Your output must hold every entry exactly as written and none of the pictures.

_Source material_.
**********
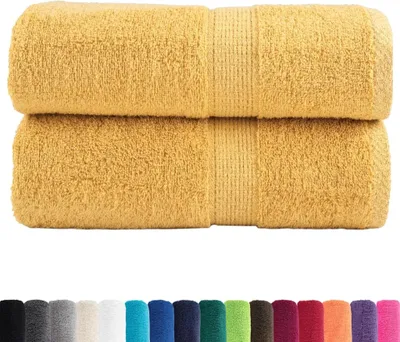 Produktbild von vidaXL Premium-Waschtücher SOLUND 2 Stk. Gold 30x30 cm 600 g/m²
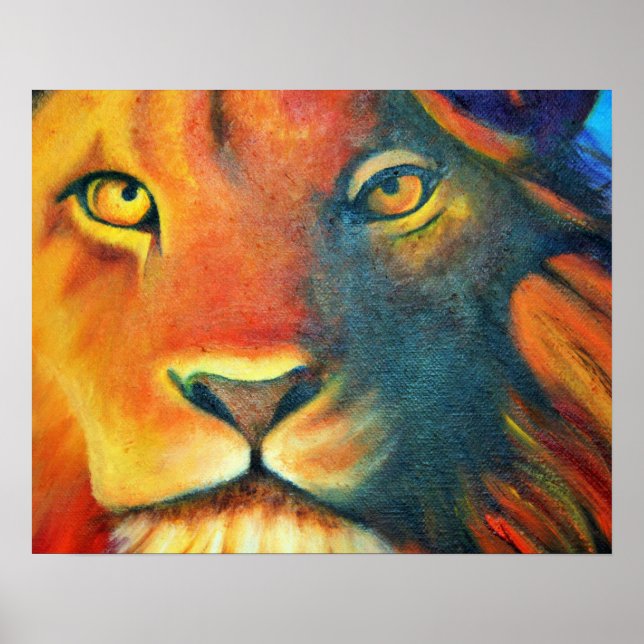 Colourful Lion Head Portrait Oil Painting Poster (Front)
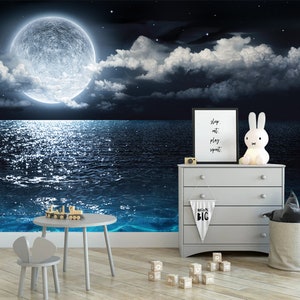 Full Moon Night Sky Removable Wallpaper - Peel and Stick Nursery Decor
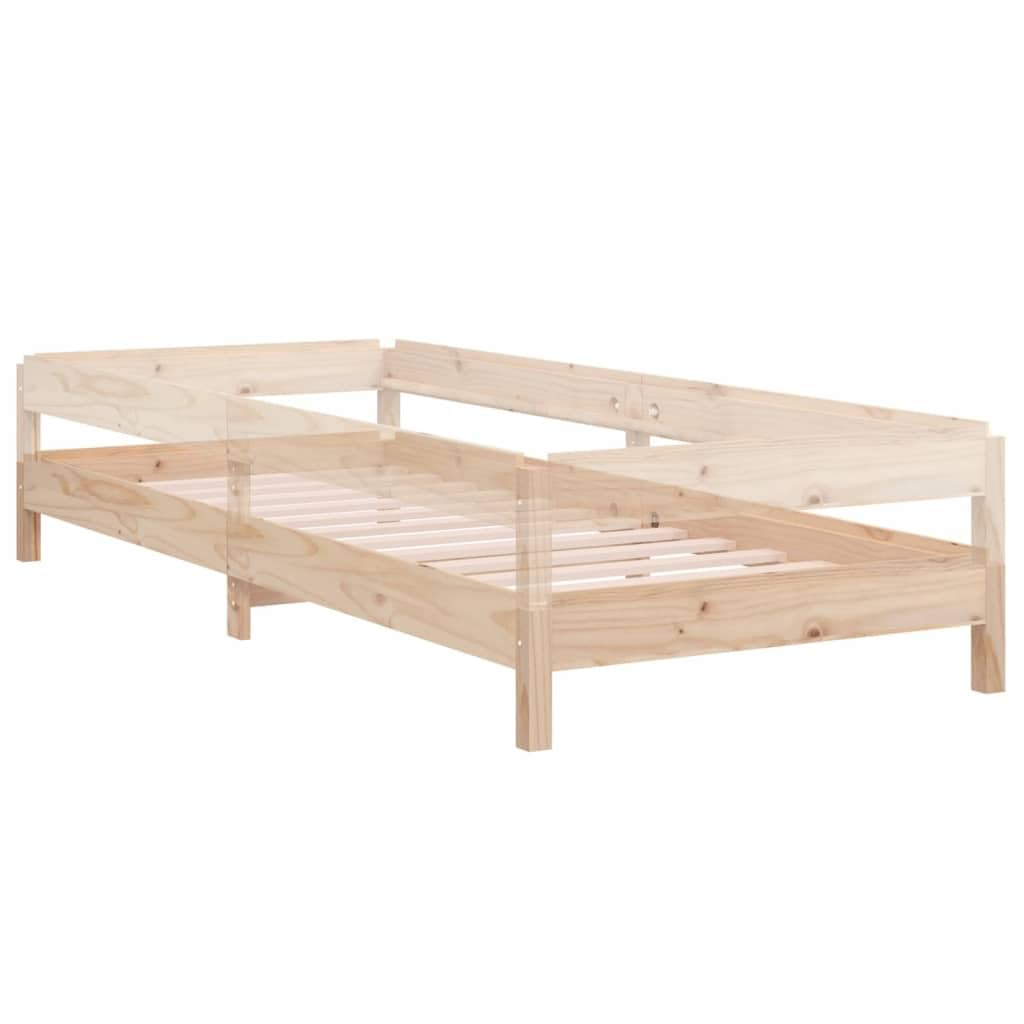 Stapelbett 90x190 cm Massivholz Kiefer, unbehandeltes Holz, platzsparend stapelbar, Robustes Bettgestell für Schlafzimmer, langlebiges Einzelbett, ideal für Gästezimmer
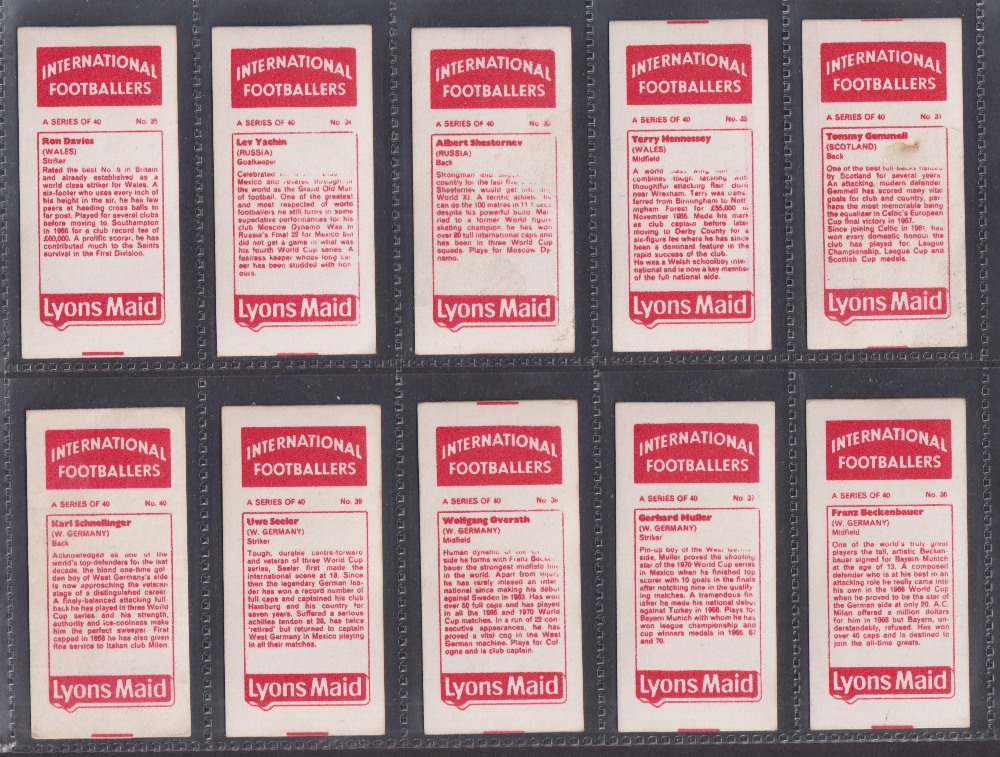 Trade cards, Lyons Maid, International Footballers (set, 40 cards) includes Pele, Best, Charlton etc - Image 8 of 8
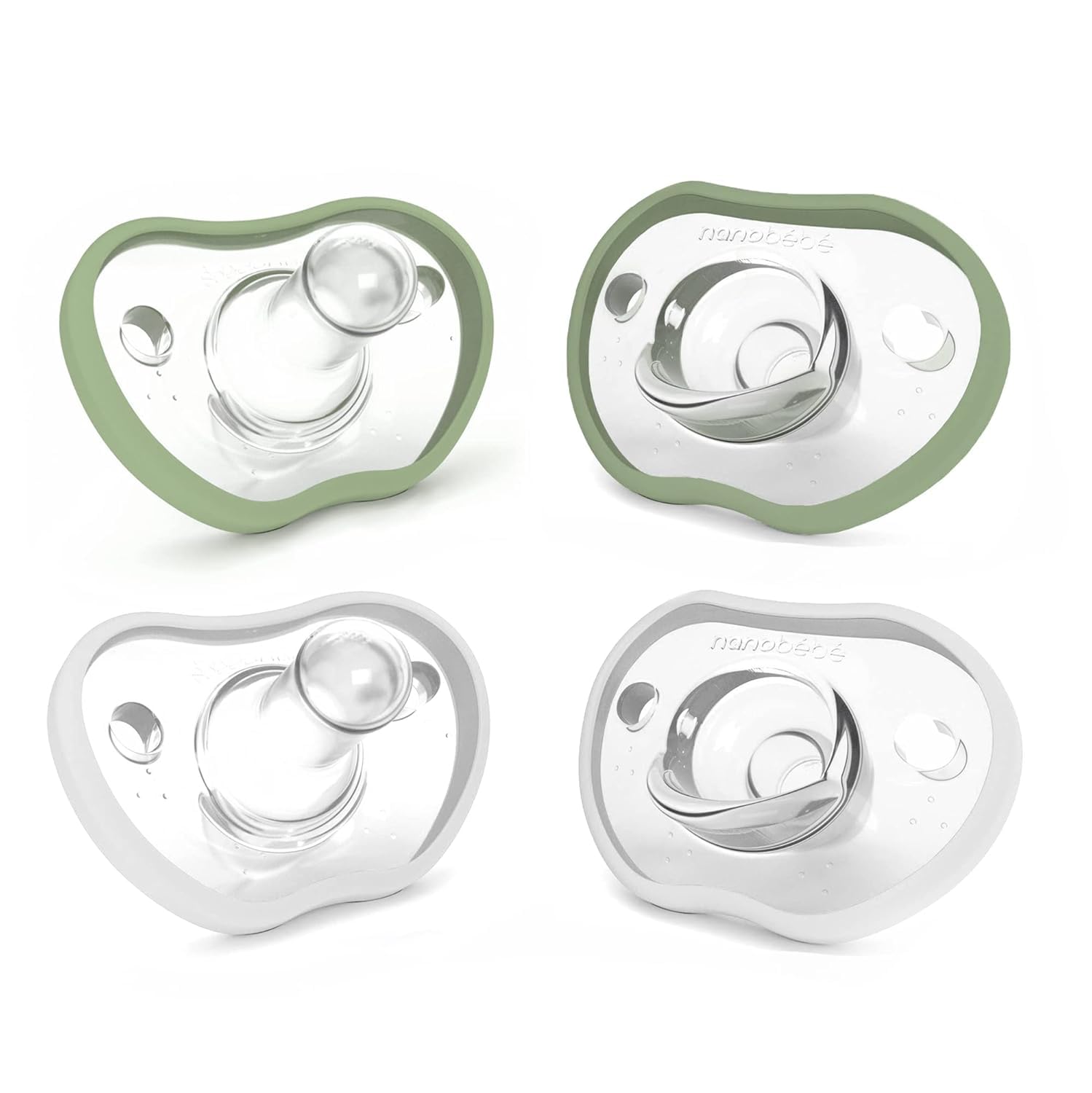 Nanobebe Baby Pacifiers 0-3 Month - Orthodontic, Curves Comfortably with Face Contour, Award Winning for Breastfeeding Babies, 100% Silicone, Baby Registry Gift 4pk, Sage/White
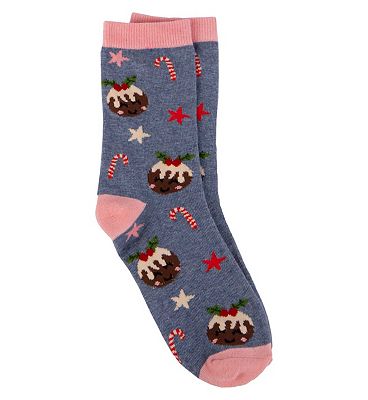 Barley Lane by Totes Christmas Pudding Sock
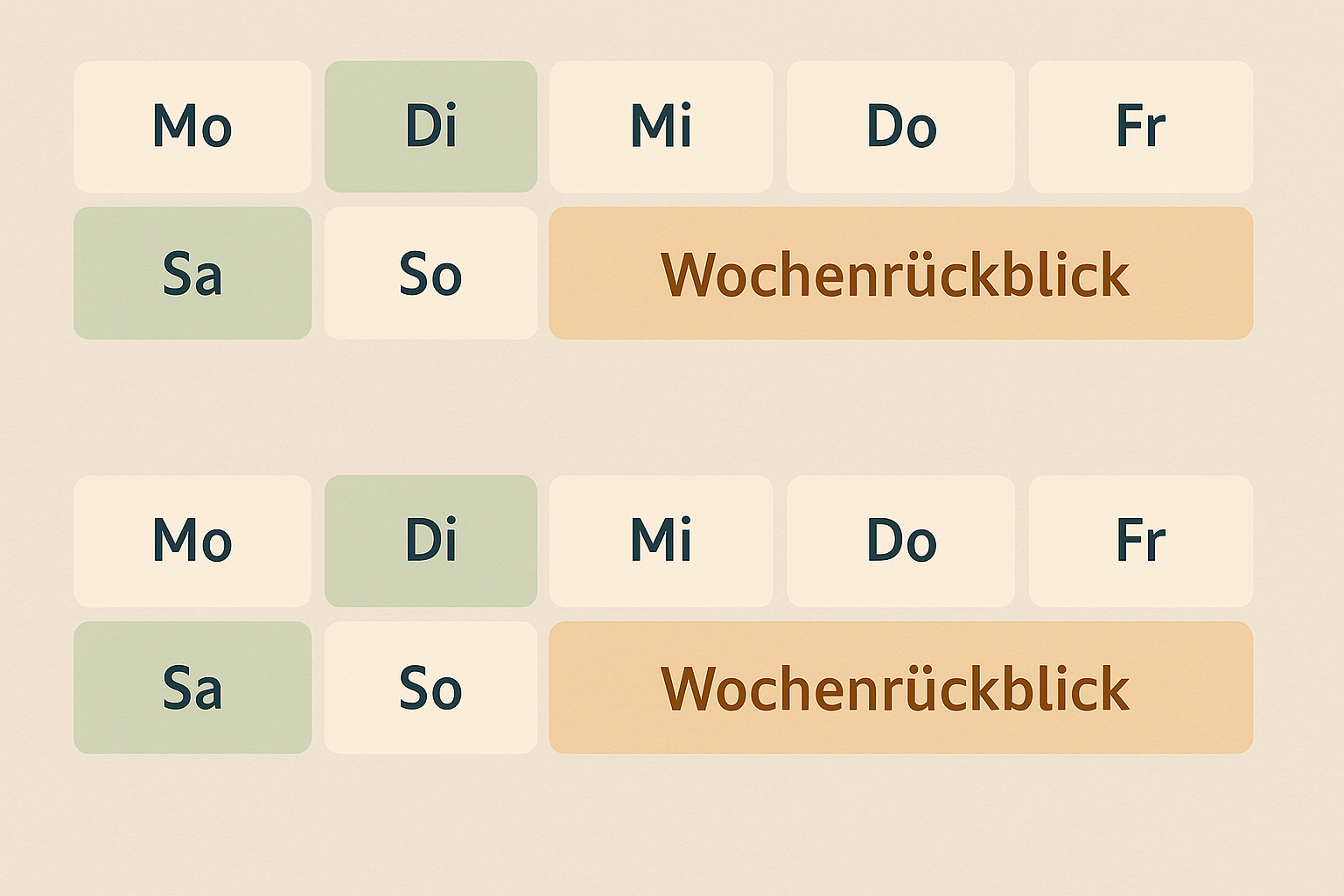 Infografik im Querformat: 14 nummerierte Kästchen („Tag 1“ bis „Tag 14“) in zwei Reihen, jeweils mit minimalistischen Symbolen für die täglichen Übungen (Stift, Sprechblase, Figur, Buch, Herz, Häkchen, Pfeil, Hand, Smartphone mit Pause, Megafon, Stern usw.).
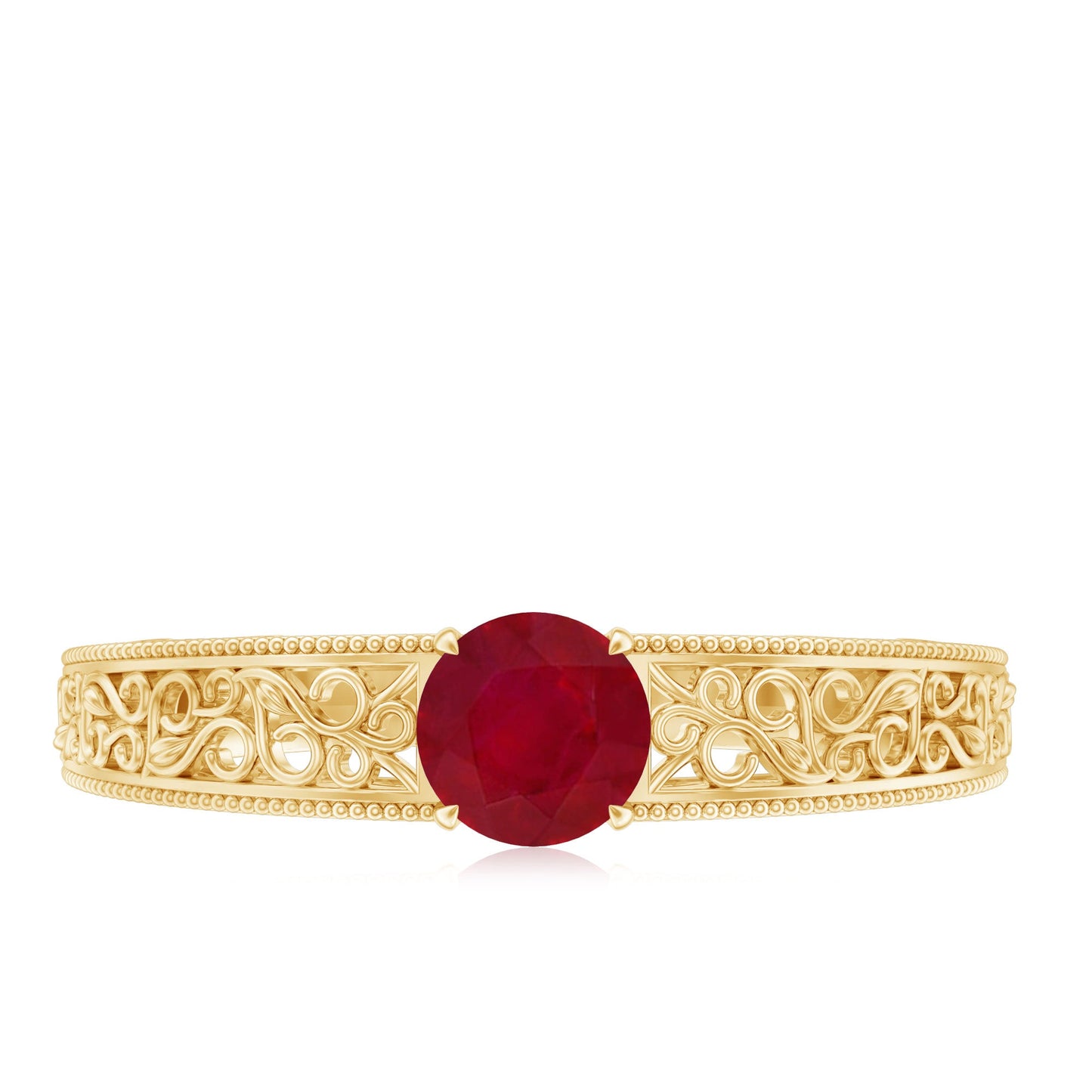 Vintage Inspired Ruby Engagement Ring with Surprise Diamond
**********
_Answer for the task_.
 Produktbild von vidaXL Premium-Waschtücher SOLUND 2 Stk. Gold 30x30 cm 600 g/m²
 Colourful Lion Head Portrait Oil Painting Poster (Front)
 Full Moon Night Sky Removable Wallpaper - Peel and Stick Nursery Decor
 Stapelbett 90x190 cm Massivholz Kiefer, unbehandeltes Holz, platzsparend stapelbar, Robustes Bettgestell für Schlafzimmer, langlebiges Einzelbett, ideal für Gästezimmer
 Trade cards, Lyons Maid, International Footballers (set, 40 cards) includes Pele, Best, Charlton etc - Image 8 of 8
 Nanobebe Baby Pacifiers 0-3 Month - Orthodontic, Curves Comfortably with Face Contour, Award Winning for Breastfeeding Babies, 100% Silicone, Baby Registry Gift 4pk, Sage/White
 Barley Lane by Totes Christmas Pudding Sock
 Infografik im Querformat: 14 nummerierte Kästchen („Tag 1“ bis „Tag 14“) in zwei Reihen, jeweils mit minimalistischen Symbolen für die täglichen Übungen (Stift, Sprechblase, Figur, Buch, Herz, Häkchen, Pfeil, Hand, Smartphone mit Pause, Megafon, Stern usw.).
 Vintage Inspired Ruby Engagement Ring with Surprise Diamond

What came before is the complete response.